If you do, use "Hátra van még a _feketeleves_".
If you introduce the victory of somebody who is *standing to lose but he/she wins in the last chapter *then use:

A végén csattan az ostor.
Az nevet, aki utoljára nevet.
Hint: 
_Feketeleves_ = fekete kávé , black coffee served for Bálint Török in the camp of Sultan Suleyman on Aug 29, 1541 when he was finally captured and prisoned for his life in the Seven Towers in Istambul.


----------



## LMatt88

franknagy said:


> Do you warn the reader or a character in the comics to an upcoming *unpleasant *happening?
> If you do, use "Hátra van még a _feketeleves_".
> If you introduce the victory of somebody who is *standing to lose but he/she wins in the last chapter *then use:
> 
> A végén csattan az ostor.
> Az nevet, aki utoljára nevet.
> Hint:
> _Feketeleves_ = fekete kávé , black coffee served for Bálint Török in the camp of Sultan Suleyman on Aug 29, 1541 when he was finally captured and prisoned for his life in the Seven Towers in Istambul.


 
Thanks a lot!


----------



## Zsanna

But you could also stay closer to the original and say: _Még nem végeztem veled_! (I'll deal with you later.) or "_Megállj csak_!" (This is not over. - used especially if you don't promise an action in the future sometime but you are planning to deal with the person "now".)
Although if you want to use both, it would sound more natural the other way round: _Megállj csak! Még nem végeztem veled_!

P.S. _Még nincs vége_ is a possibility but we'd need more context (who is talking to whom in what situation with what intentions... etc.) to be able to decide.


----------



## LMatt88

Zsanna said:


> _Megállj csak! Még nem végeztem veled_!



Would that answer be for a plural as well? the character is addressing two people


----------



## Zsanna

I would use "Hátra van még a feketeleves." (full stop or exclamation mark) more in a description, e.g. telling a story to someone in the sense "and if you think that was already bad enough, you'll be surprised"... so not necessairily threatening anybody (e.g. the listener), just indicating that the worst is still to come (in the story I'm telling).
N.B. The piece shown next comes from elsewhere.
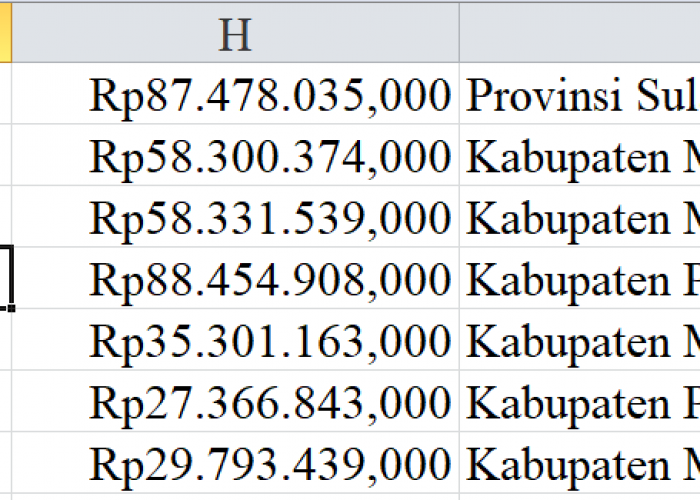 2024, Tunjangan Guru Sulawesi Barat 439 Miliar: Khusus Guru Terpencil 45 Miliar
I thought the context was more about somebody telling this threateningly to another character in a comic book.
In other words, context is necessary here for further discussion, especially if it turns out that the speaker addresses two people. 
Yes, there would be a change then. In my version: Megálljatok csak! Még nem végeztem veletek! (But I'm still not sure whether the style fits the context.)


----------



## LMatt88

Zsanna said:


> I would use "Hátra van még a feketeleves." (full stop or exclamation mark) more in a description, e.g. telling a story to someone in the sense "and if you think that was already bad enough, you'll be surprised"... so not necessairily threatening anybody (e.g. the listener), just indicating that the worst is still to come (in the story I'm telling).
> 
> I thought the context was more about somebody telling this threateningly to another character in a comic book.
> In other words, context is necessary here for further discussion, especially if it turns out that the speaker addresses two people.
> Yes, there would be a change then. In my version: Megálljatok csak! Még nem végeztem veletek! (But I'm still not sure whether the style fits the context.)



it is! he's having a fight with two people, and he suddenly has to leave, sorry about not being clear enough.


----------



## franknagy

Menaces in second person plural:

Majd megtanítalak titeket kesztyűbe dudálni!
Ma szartatok utoljára!


----------